Here’s an advert from 1974 showing some of their models on sale at the time, which they described as ‘exclusively styled’ (they did produce some round watches too… honest!)

Though the company never produced in-house calibres, they used movements from trusted ebauche manufacturers such as Valjoux, A. Schild, ETA and Felsa. Even the fabled Heuer cal. 12 and cal. 15 were used in what appears to be a limited run of chronograph models.

Selling mainly to the Far East (which might explain some of the outlandish model designs), things were going well until the quartz crisis hit. Like many other brands, sales suffered and though they did produce a few electronic and quartz models, the company folded in March 1987, their remaining assets being bought by Rado Watch Co. Ltd.

We all love divers and chronographs, but as time goes by I seem to be increasingly drawn to oddball watches, offbeat models with a quirky nature, which is what drew me to this Tressa.
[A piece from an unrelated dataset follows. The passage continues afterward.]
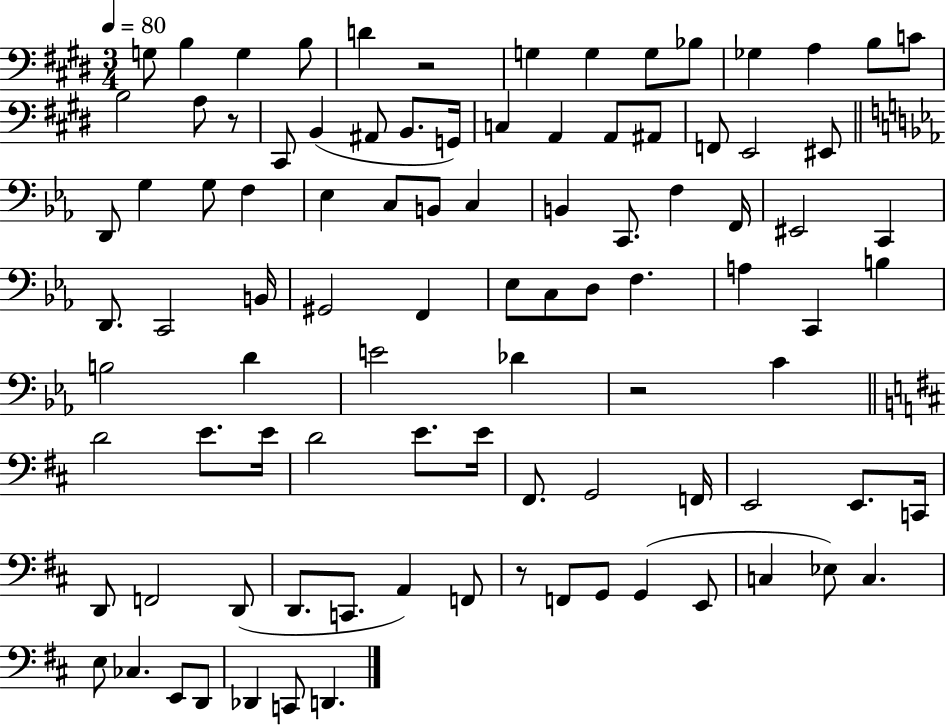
G3/e B3/q G3/q B3/e D4/q R/h G3/q G3/q G3/e Bb3/e Gb3/q A3/q B3/e C4/e B3/h A3/e R/e C#2/e B2/q A#2/e B2/e. G2/s C3/q A2/q A2/e A#2/e F2/e E2/h EIS2/e D2/e G3/q G3/e F3/q Eb3/q C3/e B2/e C3/q B2/q C2/e. F3/q F2/s EIS2/h C2/q D2/e. C2/h B2/s G#2/h F2/q Eb3/e C3/e D3/e F3/q. A3/q C2/q B3/q B3/h D4/q E4/h Db4/q R/h C4/q D4/h E4/e. E4/s D4/h E4/e. E4/s F#2/e. G2/h F2/s E2/h E2/e. C2/s D2/e F2/h D2/e D2/e. C2/e. A2/q F2/e R/e F2/e G2/e G2/q E2/e C3/q Eb3/e C3/q. E3/e CES3/q. E2/e D2/e Db2/q C2/e D2/q.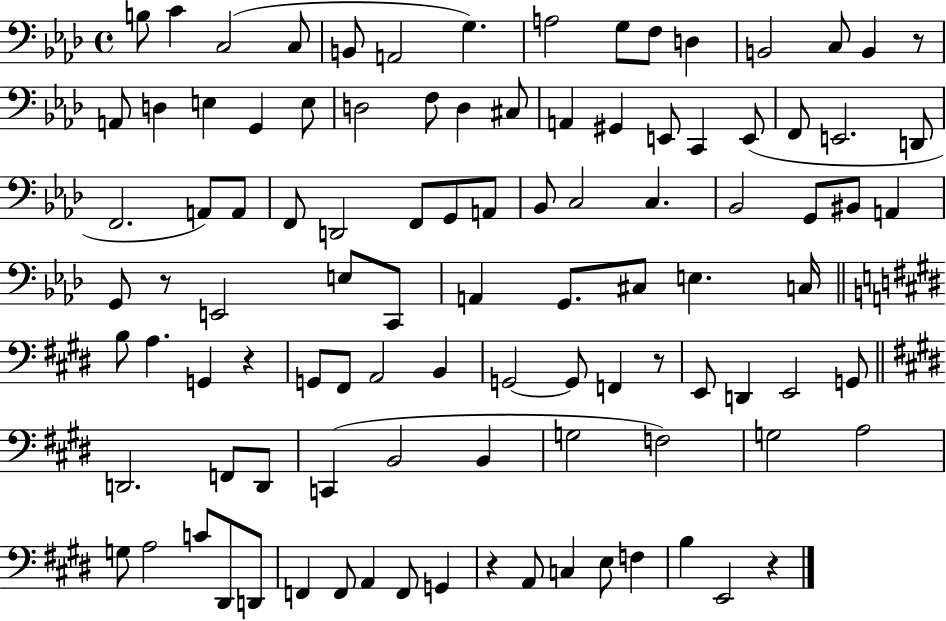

Granted, the oval case and burgundy dial won’t be to everyone’s taste, but what caught my eye was the good quality, all stainless steel case, housing an A. Schild cal. 1906, the day/date version of the calibre in several other watches I’ve already covered on the blog, namely the Aquastar Atoll and Seatime divers, Mondia 777 and the Glycine SST ‘Pumpkin’.

Turning the watch over, the caseback is heavily embossed with the Tressa logo and the crown is branded too, neither of which you see from manufacturers aiming to minimise production costs.

Inside is the aforementioned A. Schild cal. 1906 automatic with a beat rate of 21,600 bph, a limited quickset for the date (accessed by cycling the hands between 9pm and midnight), this time in 21 jewel trim.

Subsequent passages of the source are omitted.